What is expected>
Repeat the listing that follows, character for character, minus the pictures.

Raw data>
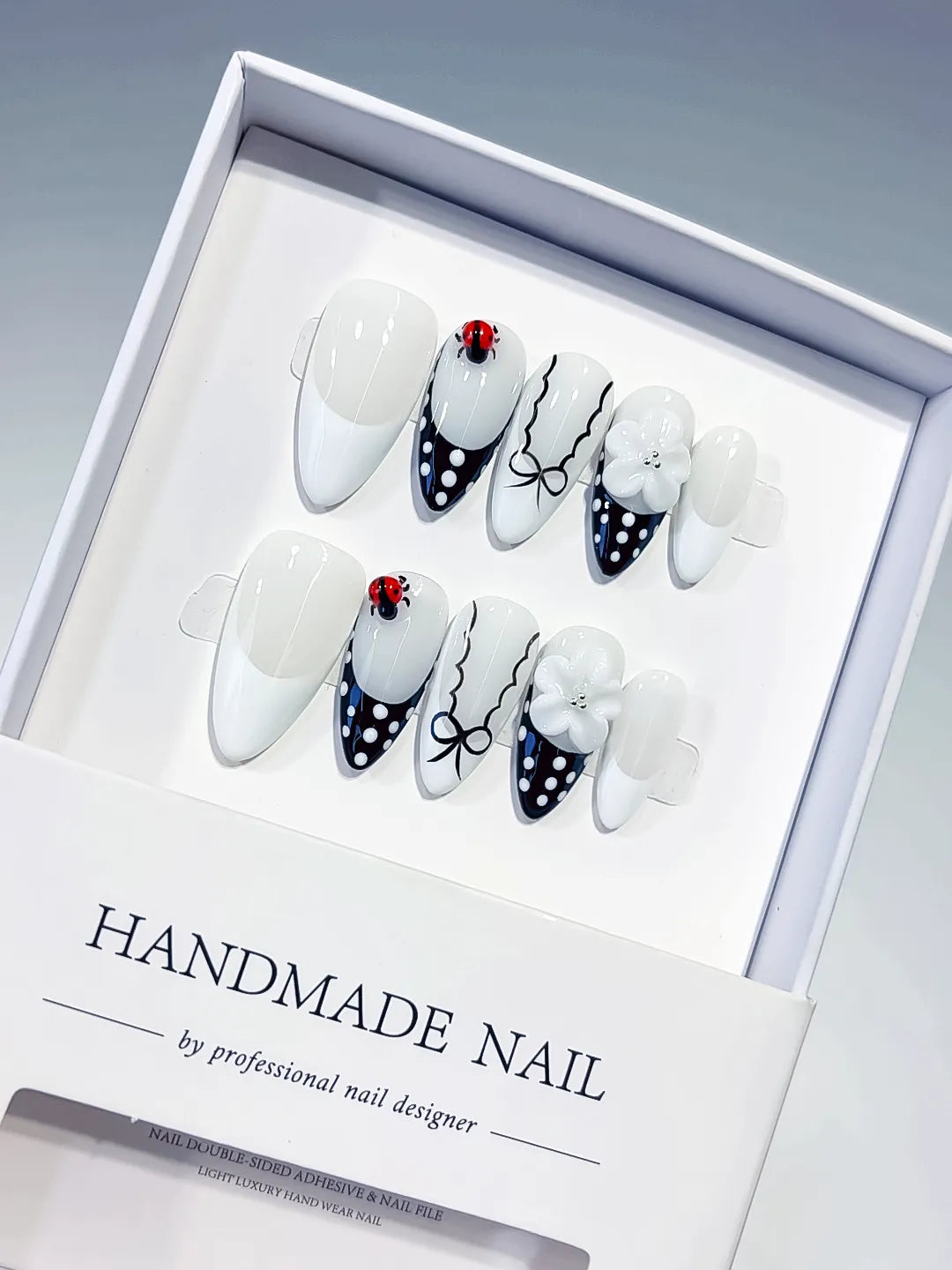 Medium White Black Almond French tip Flower Ladybug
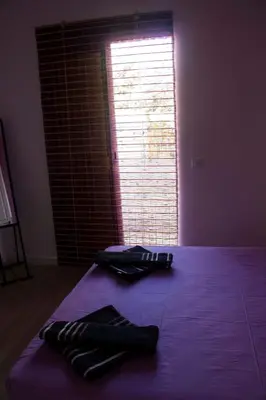 a bedroom with a bed with purple sheets and a window at Colors Rooms in Valencia
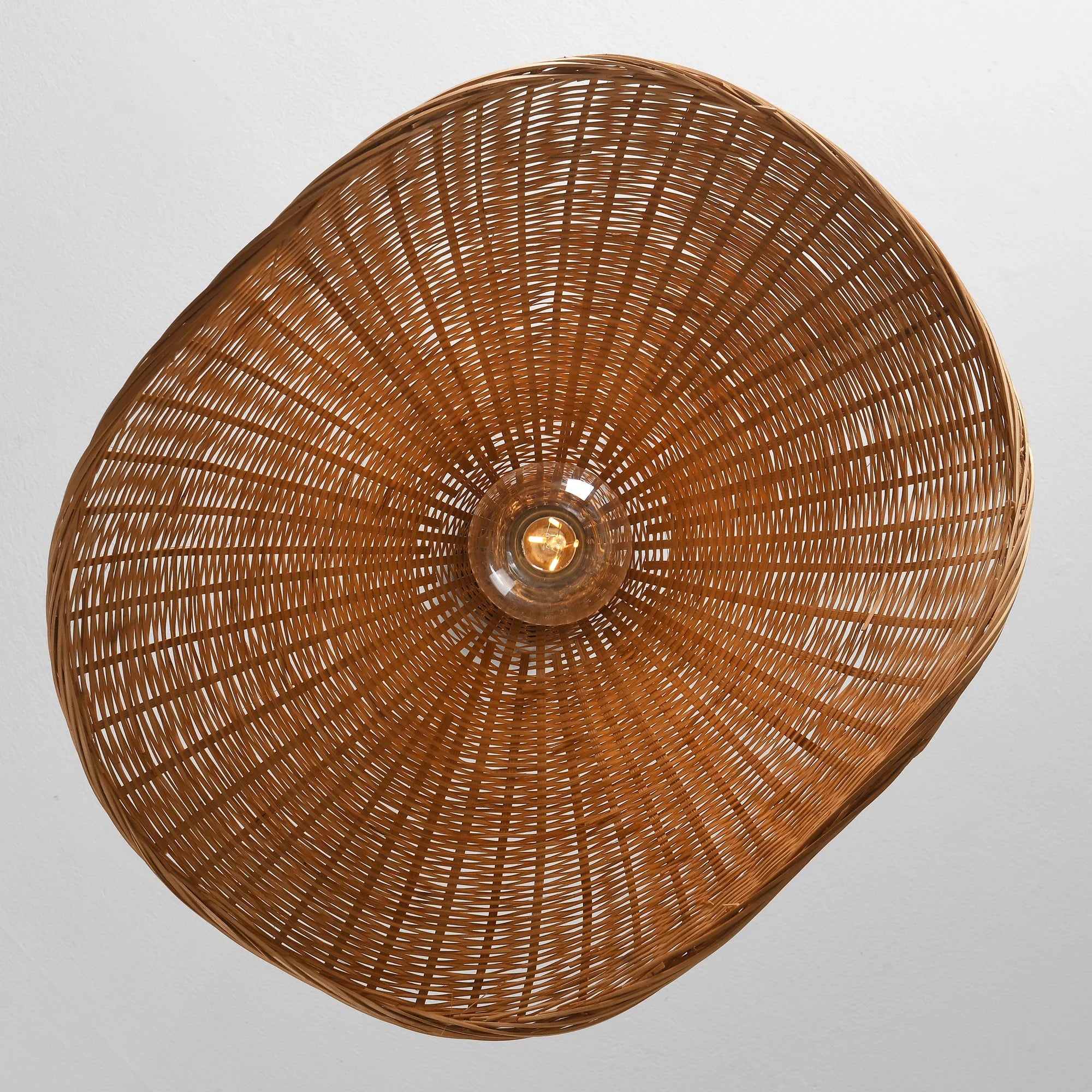 20" Werner Bohemian Handwoven Bamboo Island Pendant Light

Result>
 Medium White Black Almond French tip Flower Ladybug
 a bedroom with a bed with purple sheets and a window at Colors Rooms in Valencia
 20" Werner Bohemian Handwoven Bamboo Island Pendant Light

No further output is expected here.